The Story Behind Rust Belt Riders
What Sparked the Interest
“Throwing away food should be as repugnant as smoking in a restaurant.” This thought-provoking quote came from Daniel Brown, a co-founder to the company Rust Belt Riders. Daniel Brown and Michael Robinson founded the company Rust Belt Riders between 2011 and 2013. The idea for a company began when Daniel Brown started a community garden in the St. Clair Community neighborhood. At the time he was also working at a restaurant called the Spice Kitchen and Bar. Daniel found a way to merge food waste with local community gardens by starting a company based around sustainability.
From the Ground Up
Rust Belt Riders started from the ground up. For the first 9 months of the business Michael and Daniel operated on bicycles. They attached a trailer to the back of a mountain bike and would go to local restaurants to collect food waste. Fast forward to 2019 where the Cleveland Clinic and University Hospitals are listed amongst their community partnerships. The founders don’t try to focus on the size of the company when evaluating whether or not they would make a good partnership. When asked about the requirements for a company to partner with them Daniel stated, “ If anybody eats at your place of work, Rust Belt Riders can work with you.” Their non-negotiables include a willingness to learn and the openness to try something new.
How it Operates
Their composting service operates much like a recycling company. Clients receive containers or bins to place food waste in. Along with the bins, Rust Belt Riders provide flyers showcasing what can versus cannot be placed into the bins. Once a week they collect the compost and take it back to their plant where the composting process begins. “Composting is a lot like baking a cake or following a recipe,” stated Daniel. “40% of a compost pile is food waste (this provides nitrogen) and the other 60% is wood chips.” The most important process in creating nutrient-rich soil through composting is incorporating air into the pile so anaerobic pockets don’t develop. Composting involves harvesting microorganisms.

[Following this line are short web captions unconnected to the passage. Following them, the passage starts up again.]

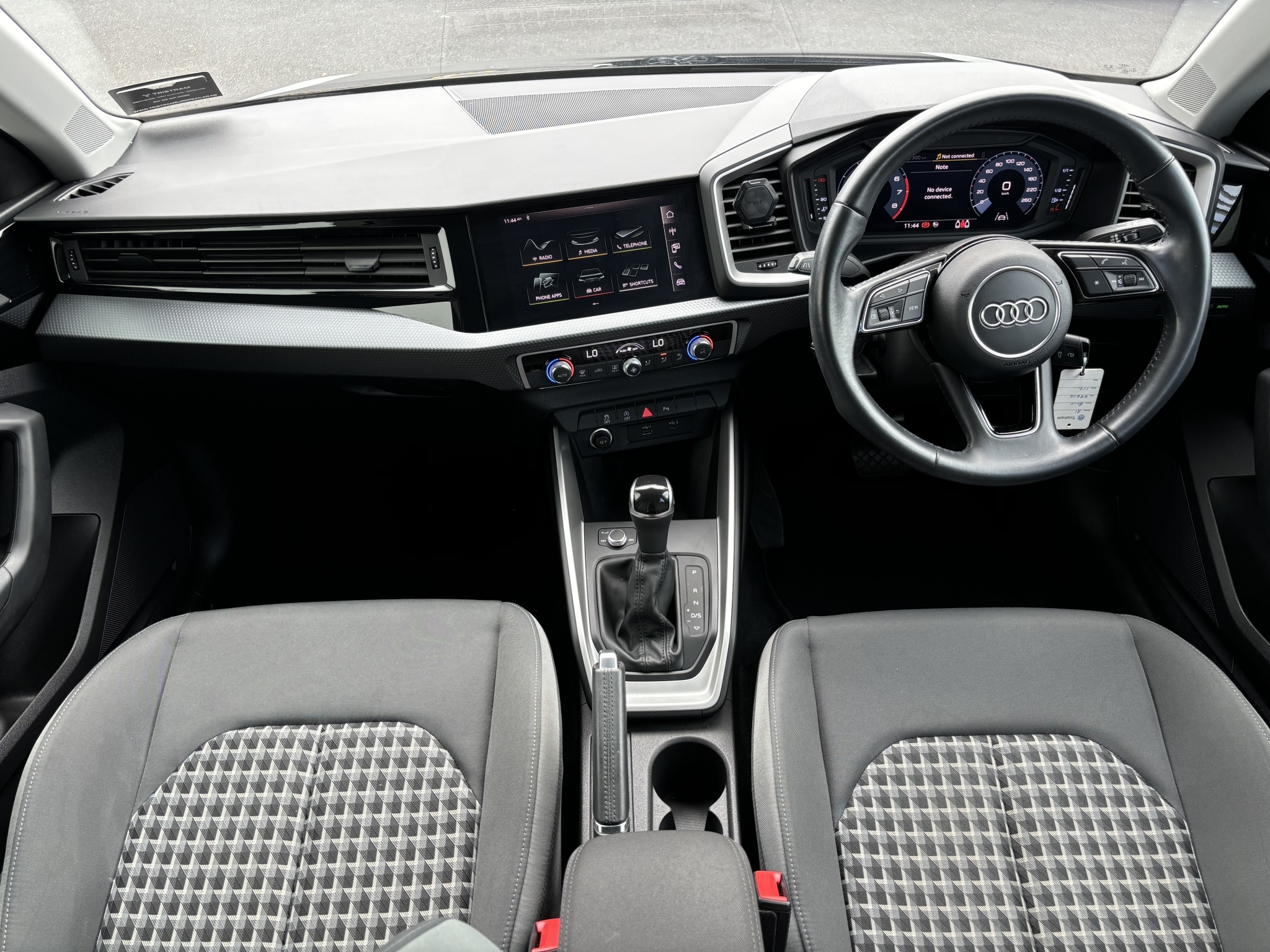 Audi A1 2020 - 11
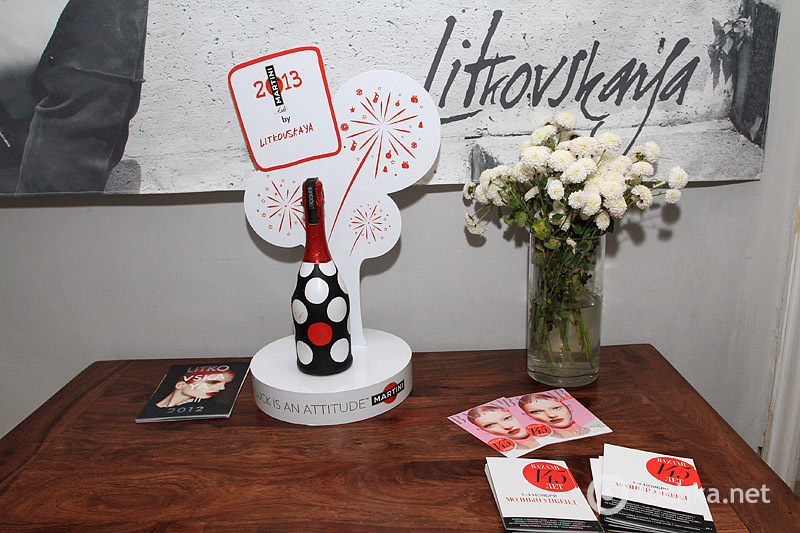 Шоу-рум Litkovskaya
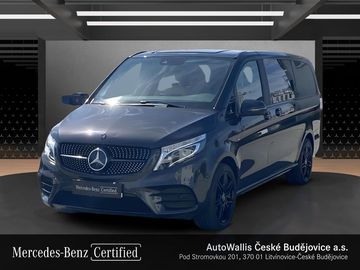 V 300d 4M AMG DISTRONIC
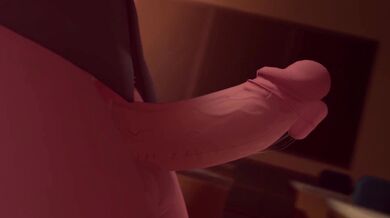 The Sexy Mistress Mina and Her Vibrator! Starring in an Ultimate Futa Porn Adventure in 1080p HD Quality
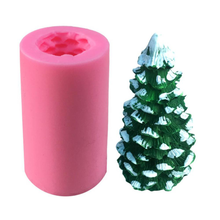 Silicone Christmas tree mould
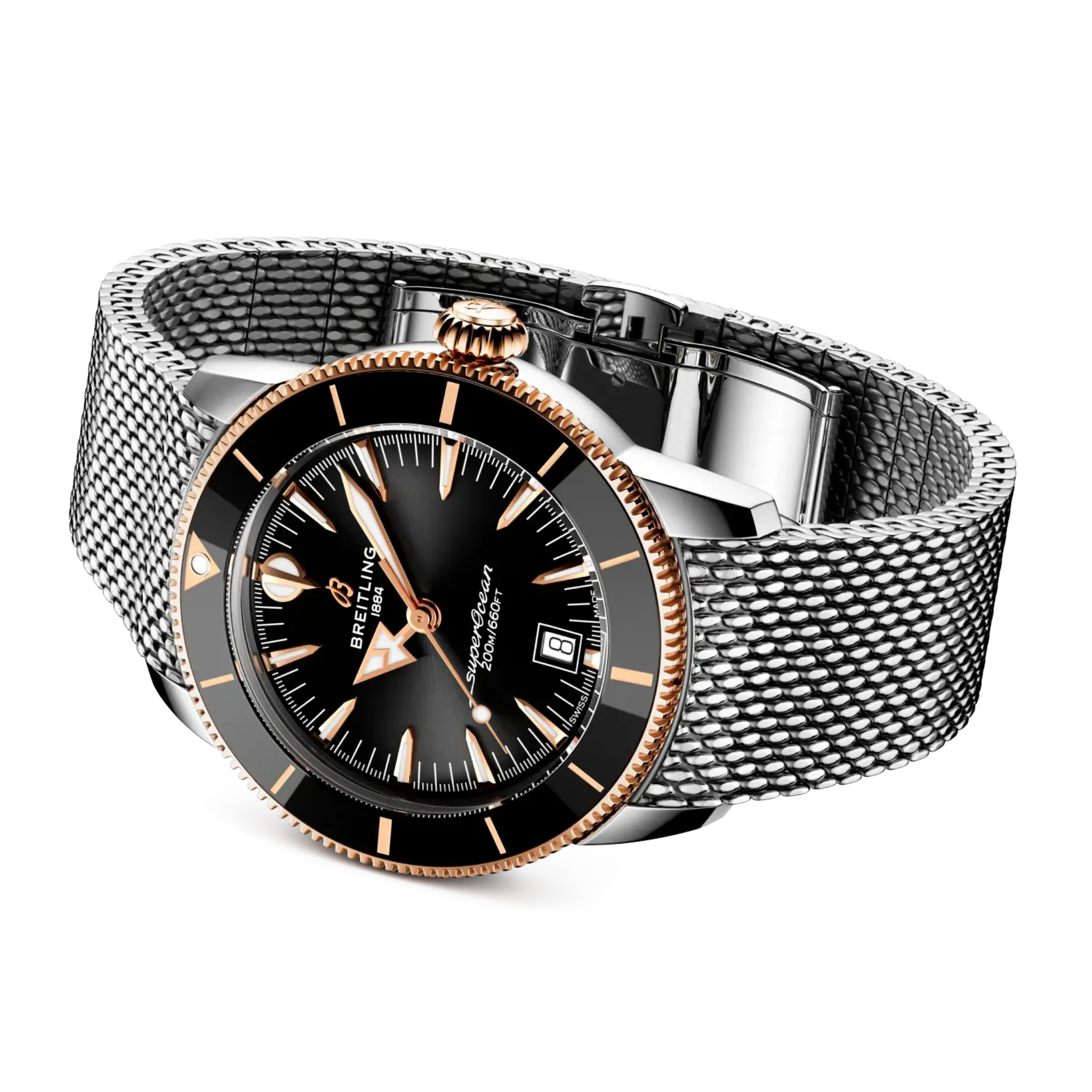 SUPEROCEAN HERITAGE B31 AUTOMATIC 42 - Image 3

This means that creating an environment that is constantly provided oxygen allows these organisms to survive. After presenting all of this information there was still one pressing question that needed to be answered: Does it stink? Since composting is occurring naturally on a forest floor, it should smell no different than walking through a forest.
Partnering with Evarts Tremaine
Having employees that are well connected within the area and to local businesses is what brought Evarts Tremaine and Rust Belt Riders together. One of Daniel and Michael’s childhood friends started working for Evarts Tremaine as an insurance agent. He explained the importance of insurance and how insurance companies keep businesses protected. This one connection has allowed Rust Belt Riders to remain trusted partners of Evarts Tremaine for the past four years.